*** Block opens ***
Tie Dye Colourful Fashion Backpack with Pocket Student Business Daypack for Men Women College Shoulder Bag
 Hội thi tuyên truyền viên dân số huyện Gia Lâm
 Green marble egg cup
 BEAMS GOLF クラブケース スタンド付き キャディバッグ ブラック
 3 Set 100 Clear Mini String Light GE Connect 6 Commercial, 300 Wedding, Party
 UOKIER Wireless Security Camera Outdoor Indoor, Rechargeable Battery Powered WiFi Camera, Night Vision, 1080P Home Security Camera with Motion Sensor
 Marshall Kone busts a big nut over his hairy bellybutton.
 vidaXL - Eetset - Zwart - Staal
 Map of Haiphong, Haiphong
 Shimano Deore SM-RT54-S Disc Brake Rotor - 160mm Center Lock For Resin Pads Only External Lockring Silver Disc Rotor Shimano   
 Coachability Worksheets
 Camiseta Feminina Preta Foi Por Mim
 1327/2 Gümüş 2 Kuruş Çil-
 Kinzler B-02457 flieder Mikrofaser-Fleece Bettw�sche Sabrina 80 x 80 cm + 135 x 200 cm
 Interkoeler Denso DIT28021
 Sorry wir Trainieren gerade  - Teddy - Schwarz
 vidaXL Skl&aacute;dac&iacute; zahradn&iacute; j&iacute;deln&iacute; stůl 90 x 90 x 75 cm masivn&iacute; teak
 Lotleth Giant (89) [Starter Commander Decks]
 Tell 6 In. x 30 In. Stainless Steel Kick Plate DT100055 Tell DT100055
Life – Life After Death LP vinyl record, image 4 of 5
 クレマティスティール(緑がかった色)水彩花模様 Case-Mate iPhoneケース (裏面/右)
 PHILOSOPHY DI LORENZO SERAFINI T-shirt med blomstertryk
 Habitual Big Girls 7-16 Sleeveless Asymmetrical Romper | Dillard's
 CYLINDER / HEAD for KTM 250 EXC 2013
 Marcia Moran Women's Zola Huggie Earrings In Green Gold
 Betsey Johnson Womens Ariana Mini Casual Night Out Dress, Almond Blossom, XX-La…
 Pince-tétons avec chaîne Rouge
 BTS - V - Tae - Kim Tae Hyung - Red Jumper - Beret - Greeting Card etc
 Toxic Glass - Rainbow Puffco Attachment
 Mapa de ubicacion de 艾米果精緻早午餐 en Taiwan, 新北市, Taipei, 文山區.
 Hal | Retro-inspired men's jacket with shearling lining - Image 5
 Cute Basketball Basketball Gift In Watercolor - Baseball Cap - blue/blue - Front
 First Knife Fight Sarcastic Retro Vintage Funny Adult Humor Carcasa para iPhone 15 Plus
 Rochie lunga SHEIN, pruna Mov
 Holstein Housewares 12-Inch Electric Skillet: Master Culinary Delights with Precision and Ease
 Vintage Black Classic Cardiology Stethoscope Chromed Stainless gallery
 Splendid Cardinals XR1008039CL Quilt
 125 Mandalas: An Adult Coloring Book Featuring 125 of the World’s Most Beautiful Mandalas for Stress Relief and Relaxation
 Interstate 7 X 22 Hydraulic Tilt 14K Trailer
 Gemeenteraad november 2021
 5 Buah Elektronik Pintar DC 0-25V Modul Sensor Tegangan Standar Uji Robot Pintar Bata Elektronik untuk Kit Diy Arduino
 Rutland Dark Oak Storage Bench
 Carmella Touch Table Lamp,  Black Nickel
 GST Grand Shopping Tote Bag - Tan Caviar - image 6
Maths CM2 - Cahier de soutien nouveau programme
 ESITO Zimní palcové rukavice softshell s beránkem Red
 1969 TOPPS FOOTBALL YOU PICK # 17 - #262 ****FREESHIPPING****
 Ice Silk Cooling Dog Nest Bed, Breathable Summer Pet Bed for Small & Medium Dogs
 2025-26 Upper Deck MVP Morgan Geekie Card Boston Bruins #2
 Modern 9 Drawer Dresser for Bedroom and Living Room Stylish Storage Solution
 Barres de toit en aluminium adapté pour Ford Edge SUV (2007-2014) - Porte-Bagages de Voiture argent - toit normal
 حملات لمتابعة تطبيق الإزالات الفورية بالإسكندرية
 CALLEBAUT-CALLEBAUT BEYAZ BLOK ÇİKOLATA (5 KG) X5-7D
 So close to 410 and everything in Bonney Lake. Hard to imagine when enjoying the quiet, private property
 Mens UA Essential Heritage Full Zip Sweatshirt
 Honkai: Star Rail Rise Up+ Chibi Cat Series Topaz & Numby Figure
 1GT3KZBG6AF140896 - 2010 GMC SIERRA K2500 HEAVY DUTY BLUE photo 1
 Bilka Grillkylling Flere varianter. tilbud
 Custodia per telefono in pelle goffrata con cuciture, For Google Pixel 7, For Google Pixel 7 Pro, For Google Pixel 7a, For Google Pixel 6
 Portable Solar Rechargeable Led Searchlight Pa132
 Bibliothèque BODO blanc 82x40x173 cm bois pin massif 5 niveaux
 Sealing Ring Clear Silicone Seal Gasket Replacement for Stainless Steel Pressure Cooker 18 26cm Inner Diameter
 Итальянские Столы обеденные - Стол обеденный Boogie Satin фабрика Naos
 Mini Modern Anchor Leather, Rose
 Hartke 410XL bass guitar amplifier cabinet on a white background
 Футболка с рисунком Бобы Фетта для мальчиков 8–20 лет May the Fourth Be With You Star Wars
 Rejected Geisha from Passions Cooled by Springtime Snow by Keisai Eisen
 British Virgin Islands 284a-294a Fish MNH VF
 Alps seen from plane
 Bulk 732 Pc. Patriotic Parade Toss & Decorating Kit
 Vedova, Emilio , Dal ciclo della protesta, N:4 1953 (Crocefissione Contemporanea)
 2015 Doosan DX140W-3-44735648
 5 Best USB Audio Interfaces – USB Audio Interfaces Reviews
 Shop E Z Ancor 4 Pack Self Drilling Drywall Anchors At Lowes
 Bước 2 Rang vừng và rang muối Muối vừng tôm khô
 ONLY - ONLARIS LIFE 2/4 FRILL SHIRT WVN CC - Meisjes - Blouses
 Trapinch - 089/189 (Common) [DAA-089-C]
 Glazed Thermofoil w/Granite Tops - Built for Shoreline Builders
*** Block closes ***
Looking at the data above, return every line from the one with "Rutland Dark Oak Storage Bench" down to the one with "Modern 9 Drawer", exactly and inclusively.

SOLVED EXERCISE »
 Rutland Dark Oak Storage Bench
 Carmella Touch Table Lamp,  Black Nickel
 GST Grand Shopping Tote Bag - Tan Caviar - image 6
Maths CM2 - Cahier de soutien nouveau programme
 ESITO Zimní palcové rukavice softshell s beránkem Red
 1969 TOPPS FOOTBALL YOU PICK # 17 - #262 ****FREESHIPPING****
 Ice Silk Cooling Dog Nest Bed, Breathable Summer Pet Bed for Small & Medium Dogs
 2025-26 Upper Deck MVP Morgan Geekie Card Boston Bruins #2
 Modern 9 Drawer Dresser for Bedroom and Living Room Stylish Storage Solution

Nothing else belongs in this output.